1. A preparation method of a modified starch graft lactic acid oligomer thermoplastic composite, comprising: (1) adding 100 parts of modified starch, 50-100 parts of lactic acid oligomer reactant, 8-15 parts of glycidyl methacrylate, 1-3 parts of citric acid and 0.5-5 parts of initiator into water and stirring evenly; performing ultrasonic dispersion to form an emulsion, then heating to 70-90°C, and further stirring for reacting for 5-12 h; and (2) demulsifying the emulsion of the step (1) and drying to obtain the modified starch graft lactic acid oligomer thermoplastic composite.

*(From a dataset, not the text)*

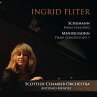 Klavierkonzerte A-Moll,Op.54/R.1 In... - Bild 1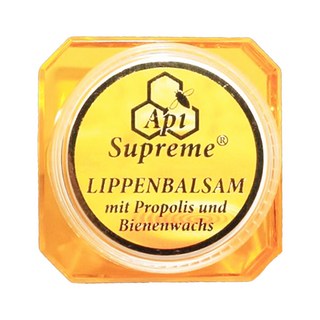 Bienen-Diatic 德國 210015 蜂膠蜂蠟唇蜜 保濕甜蜜不油膩 滋潤指甲緣 多用途, 蜂膠蜂蠟, 12ml, 1罐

2. The preparation method of a modified starch graft lactic acid oligomer thermoplastic composite according to claim 1, wherein: a preparation method of the modified starch comprises: adding dimethylformamide and pyrrole into plant starch, and stirring for 2 h or more at 40-60°C; dropwise adding acryloyl chloride while stirring; further stirring for 2 h or more; adding absolute ethyl alcohol for washing, performing suction filtration, and drying to obtain the modified starch.

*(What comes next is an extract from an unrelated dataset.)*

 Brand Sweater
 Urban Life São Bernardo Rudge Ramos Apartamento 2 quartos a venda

3. The preparation method of a modified starch graft lactic acid oligomer thermoplastic composite according to claim 2, wherein: 30-60 parts of dimethylformamide, 10-15 parts of pyrrole and 0.5-2 parts of acryloyl chloride are added into every 100 parts of plant starch, during preparation of the modified starch.

4. The preparation method of a modified starch graft lactic acid oligomer thermoplastic composite according to claim 2, wherein: a preparation method of the lactic acid oligomer reactant comprises: stirring 100 parts of lactic acid oligomer, 0.5 1.2 parts of zinc oxide and 0.5-1.5 parts of polyethylene glycol for 1-2.5 h in a mixer at a high speed of 800-1,200 rpm and a temperature of 90-120°C to obtain the lactic acid oligomer reactant.

5. The preparation method of a modified starch graft lactic acid oligomer thermoplastic composite according to any one of claims 1 to 4, wherein: the initiator is potassium persulfate or ammonium persulfate.

6. The preparation method of a modified starch graft lactic acid oligomer thermoplastic composite according to claim 5, wherein: the plant starch is corn starch, sweet potato starch, pea starch, mung bean starch or potato starch.

7. Application of the modified starch graft lactic acid oligomer thermoplastic composite according to any one of claims 1 to 6 in preparation of a biodegradable film.